Configuration Options

When you instantiate an Uploader instance using NewUploader, you can specify several configuration options to customize how objects are uploaded. Options are overridden by providing one or more arguments to NewUploader. These options include:

  • PartSize – Specifies the buffer size, in bytes, of each part to upload. The minimum size per part is 5 MiB.
  • Concurrency – Specifies the number of parts to upload in parallel.
  • LeavePartsOnError – Indicates whether to leave successfully uploaded parts in Amazon S3.

The Concurrency value limits the concurrent number of part uploads that can occur for a given Upload call. This is not a global client concurrency limit. Tweak the PartSize and Concurrency configuration values to find the optimal configuration. For example, systems with high-bandwidth connections can send bigger parts and more uploads in parallel.

For example, your application configures Uploader with a Concurrency of setting of 5. If your application then calls Upload from two different goroutines, the result is 10 concurrent part uploads (2 goroutines * 5 Concurrency).

Your application is expected to limit the concurrent calls to Upload to prevent application resource exhaustion.

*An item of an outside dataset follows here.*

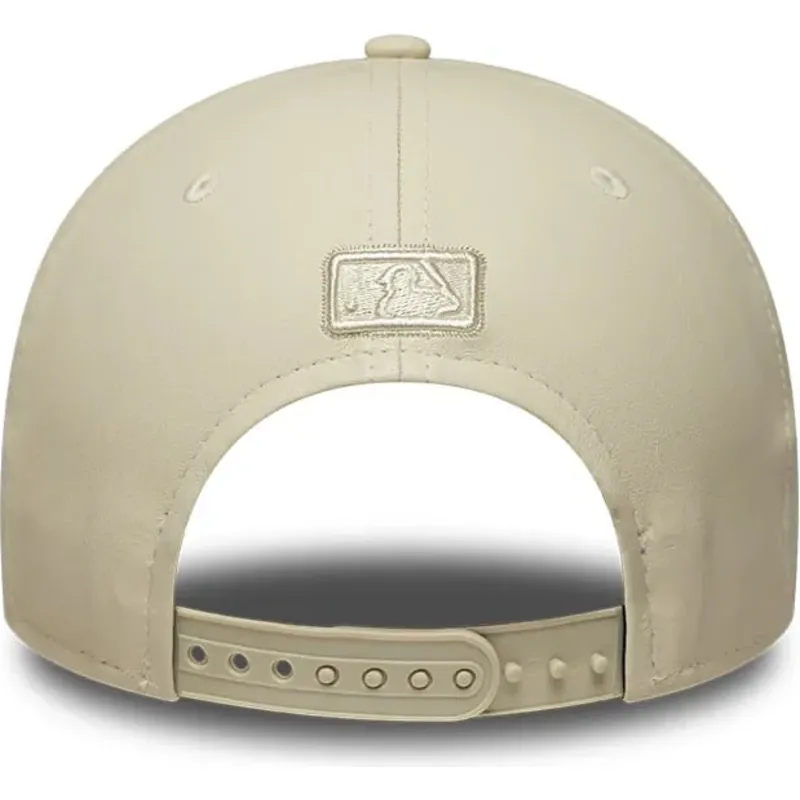 kasketter-buet-beige-snapback-9forty-m-crown-pu-diamante-fra-los-angeles-dodgers-mlb-af-new-era kasketter-buet-beige-snapback-9forty-m-crown-pu-diamante-fra-los-angeles-dodgers-mlb-af-new-era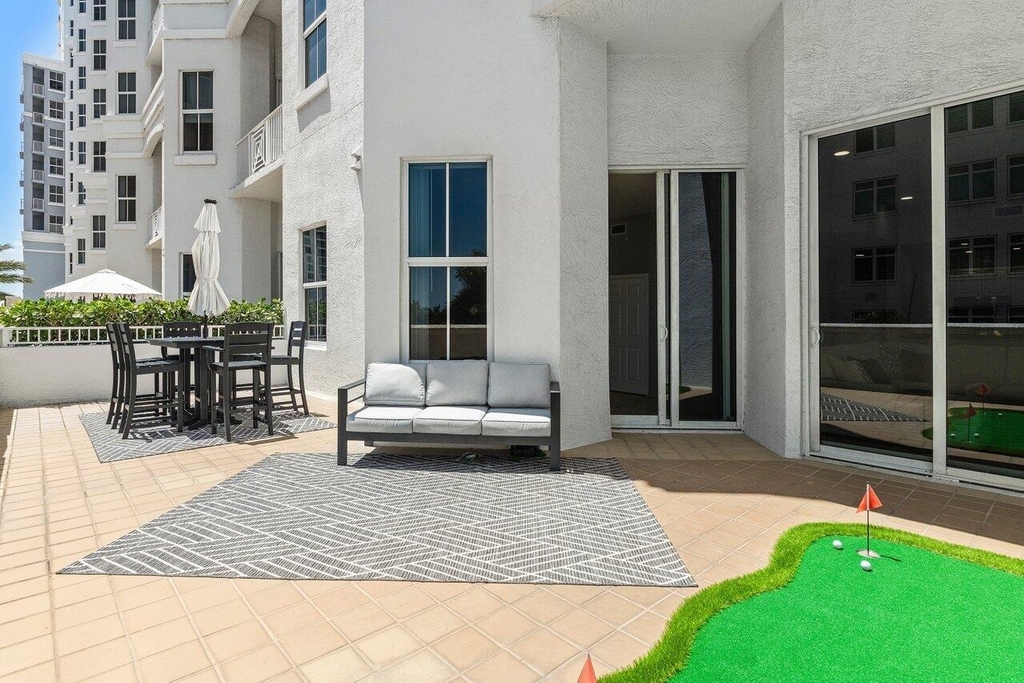 255 Evernia Street - Photo 2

Below is an example to set the default part size during Uploader creation:

uploader := manager.NewUploader(client, func(u *Uploader) {
	u.PartSize = 10 * 1024 * 1024, // 10 MiB
})

For more information about Uploader and its configurations, see Uploader in the AWS SDK for Go V2 API Reference.

PutObjectInput Body Field (io.ReadSeeker vs. io.Reader)

The Body field of the s3.PutObjectInput struct is an io.Reader type. However, this field can be populated with a type that satisfies both the io.ReadSeeker and io.ReaderAt interface to improve application resource utilization of the host environment. The following example creates the type ReadSeekerAt that satisfies both interfaces:

type ReadSeekerAt interface {
	io.ReadSeeker
	io.ReaderAt
}

For io.Reader types, the bytes of the reader must be buffered in memory before the part can be uploaded. When you increase the PartSize or Concurrency value, the required memory (RAM) for the Uploader increases significantly. The required memory is approximately PartSize * Concurrency. For example, specifying 100 MB for PartSize and 10 for Concurrency, requires at least 1 GB.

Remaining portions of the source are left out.